Oiçam Sakamoto, espreitem o mar e sintam, andem. Palavras, levas o vento, e eu ando pouco nessa.

domingo, 5 de maio de 2013

filhos

Um dia nasceu-me um filho. Cresceu cá dentro e prosseguiu cá fora, mas como se continuasse em mim, no espaço do corpo. Falou, andou, disse mãe e disse não, ganhou forma enquanto pessoa, mas a verdade é que será sempre meu. Ninguém consegue idear um filho antes de ser mãe. Ninguém imagina a dicotomia entre a integridade e o desespero, que nos ganha forma no corpo no exacto momento em que os sentimos, antes disso até. A minha mãe dizia-me coisas que eu ainda não sabia e ela já. Soavam-me só, o que convenhamos, vale o que vale e não vale tudo. Palavras belas tem o dicionário aos molhos, mas o corpo, esse é que sabe. Nos olhos, nos gestos, nos sítios que ninguém vê e nos espaços livres, que nos separam as distâncias que nos ligam: para sempre. 

sábado, 4 de maio de 2013

(...)

(Franchement, como fui capaz de esquecer as pérolas?) 

sexta-feira, 3 de maio de 2013

tarot

Hoje um taróloga atribuiu-me uma carta muito próspera, aproxima-se uma semana maravilhosa, com frescura e perfume de flores. Um dia destes, ainda me vou conseguir entregar a presciências. Será um descanso merecido, numa atribuição que sempre justifica alegrias ou desgraças, sem que o nosso intento e capacidade sirvam para coisa nenhuma. Nesse dia tudo será uma questão de sorte, azar e destino, nada mais externo, e poderei finalmente deitar-me a dormir a sesta sossegada. É que estou mesmo precisada. 

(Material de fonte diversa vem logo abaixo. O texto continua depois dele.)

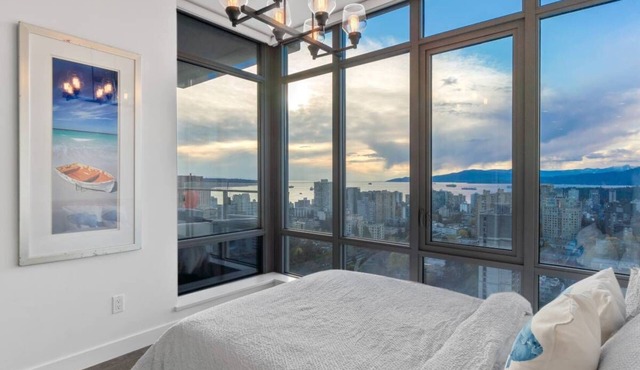 Luxury and Spacious Modern Living in the Heart of Downtown Vancouver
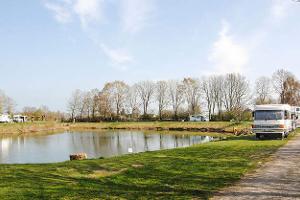 Stellplatzidylle mit Seeblick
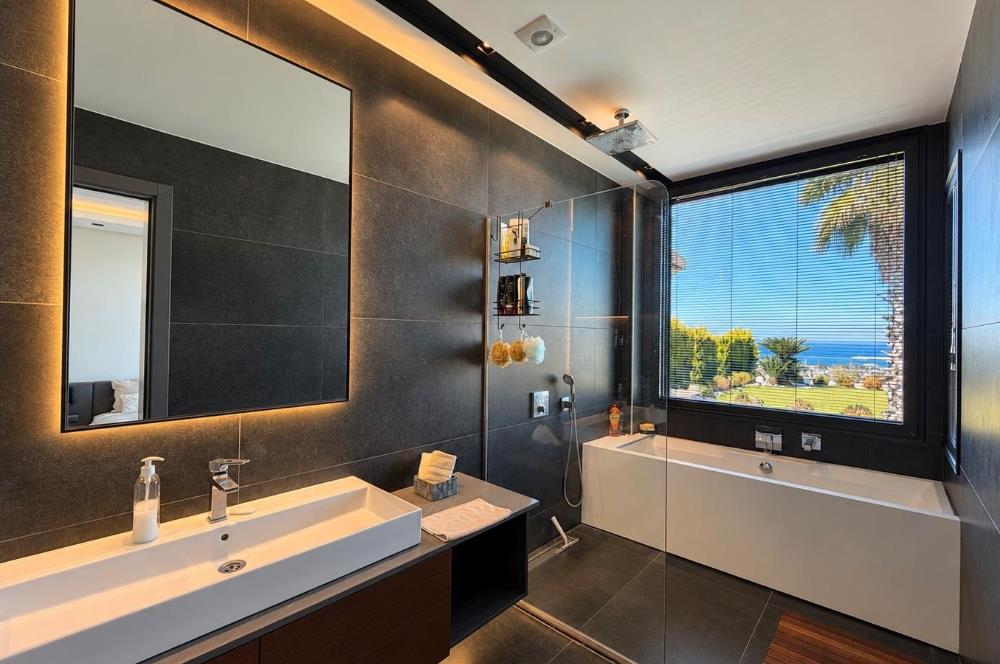 Turgutreis 1000M2 Arsa Üzerinde Full Deniz Manzaralı Flat Villa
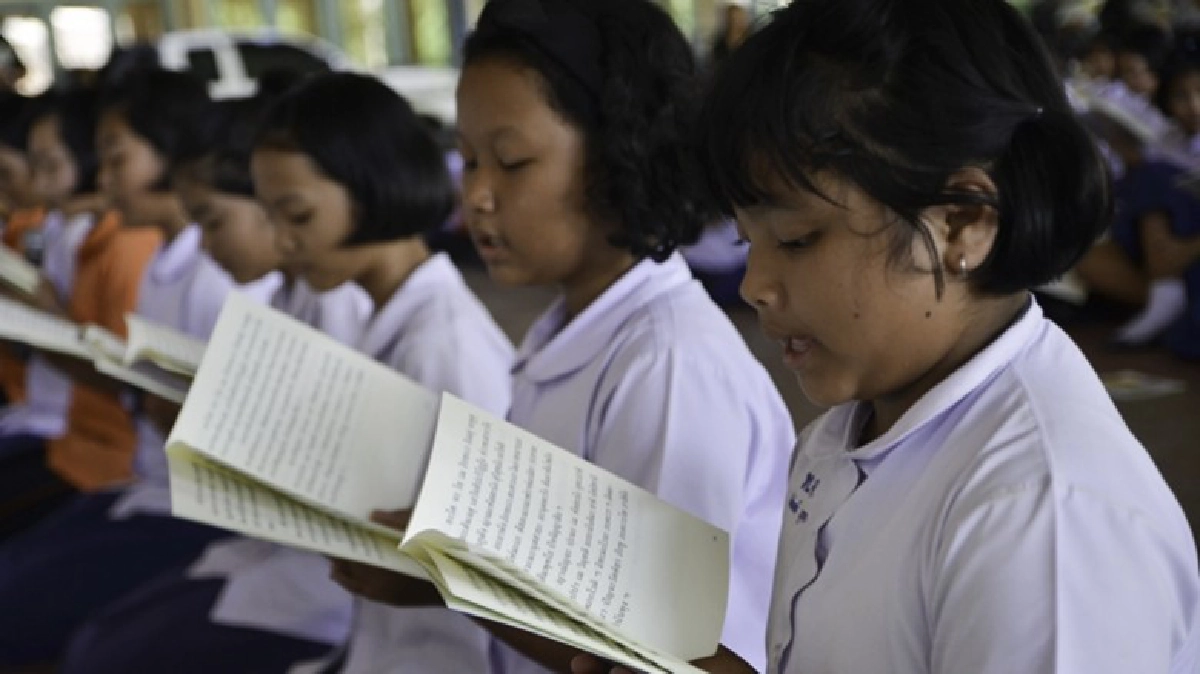 นร.สวดธัมมจักกัปปวัตตนสูตร ถวายพระราชกุศลในหลวงร.9 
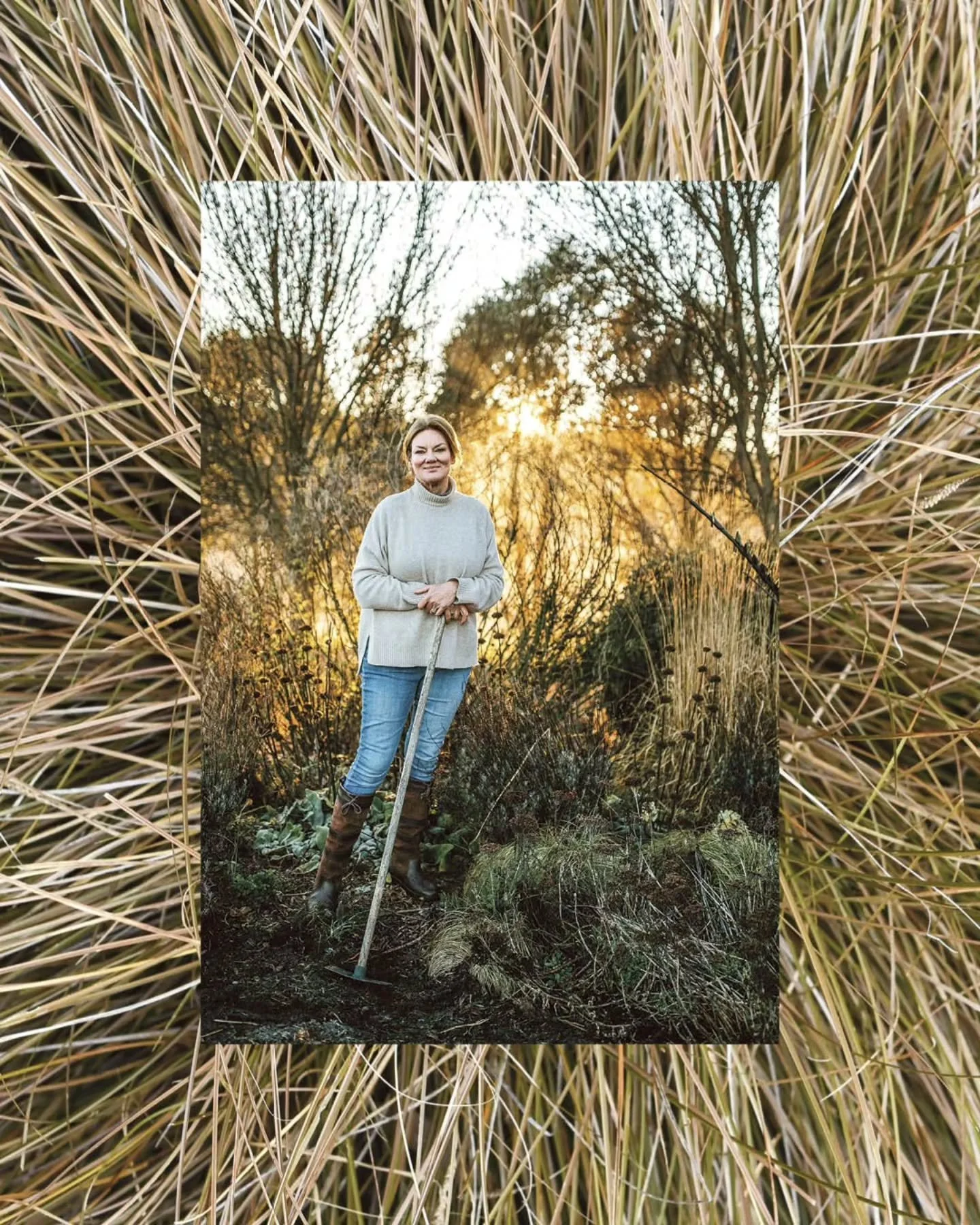 The new edition of @graziher magazine is out now, and inside you'll find my column about the stars of the winter garden, ornamental grasses. I've shared some favourites along with notes about how to use them, and sourcing them responsibly.
As usual t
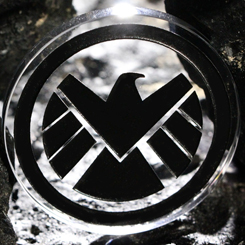 Réplica de la moneda de Shield basada en la saga de Marvel. Esta moneda oficial está realizada en vidrio transparente con unas dimensiones aproximadas de 0.5 x 4 cm. 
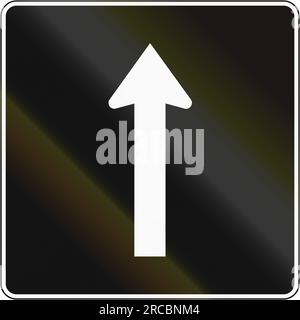 Segnale di gestione corsia in Canada - corsia per il passaggio dritto. Questo segno è usato in Quebec. Foto Stock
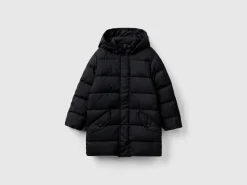 Padded jacket with removable hood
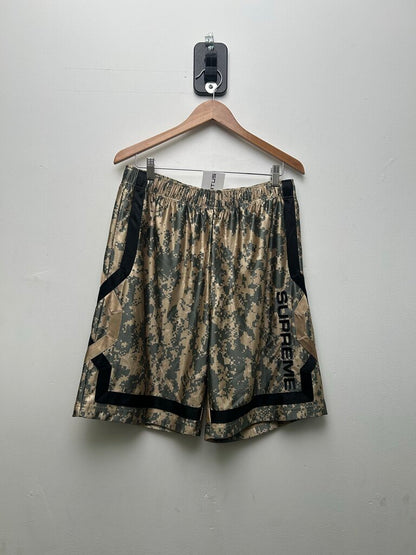 New Supreme Digi Camo Shorts size Small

quarta-feira, 1 de maio de 2013

pressa

Há dias em que me sento à espera porque os lugares de pé estão demasiado cheios de gente com pressa. Como naquela fila do centro de saúde que parece fervilhar na frente da moça que dedilha teclas calmamente, sem se incomodar nada com os atropelos dos dedos impacientes de pessoas que guardam uma senha com o número que chegaria à mesmíssima velocidade, caso estivessem sentadas e quietas num banco a ler o jornal. Todos os dias há notícias de interesse nacional, há que aproveitar e cultivar o saber que não ocupa lugar. Admito, há alturas em que me encontro quase igual. Fico muitas vezes da maneira errada consciente disso, o que não me revela propriamente fraqueza, antes natureza, eventualmente descompasso. Brandamente falando, continua aprendizagem. Usualmente, imponho-me esforço de contrariedade, sei ser o que é certo fazer. Acendo uma voz de comando, respiro devagar a ver se obedeço, bebo um gole de água e fecho os olhos, tudo com o claro objectivo de consciencializar que quando as coisas me são externas, não me pertencem o suficiente. Pouca coisa me pertence o suficiente para que a influa o bastante, e talvez também por isso eu goste tanto de escrever. Usualmente, nem gosto de pressas. Sinto-as muito quando mas tentam impor. Ainda agora, por exemplo, enquanto engolia colheres de arroz doce, alguém ousava incomodar-me insistentemente. Um pedido expresso de vinho tinto alentejano, eu percebo o desespero, não fossem as garrafas ficar perdidas algures em local distante e a refeição tivesse de se fazer acompanhar de água mineral, poderia lá ser uma tal coisa. Pedi desculpa com educação e ausentei-me para longe. Não muito, o suficiente, por vezes o pouco é exactamente o quanto me basta. Sentei-me no banco da rua, com uma vista soberba para as videiras do lado, respirei o fresco da mata que se estende lá atrás e engoli uma colher de cada vez, demoradamente. No meio do mundo exterior, alvíssaras, ainda há coisas que me pertencem o suficiente para que eu possa mandar nelas. Nunca na vida deixo fugir uma tacinha de barro, se esta contiver arroz doce lá dentro, e nem que à volta haja pressa. Até porque pressa e vagar não são mais do que constructos ideados, coisa pouca, quando comparados com o paladar forte e encorpado do arroz doce.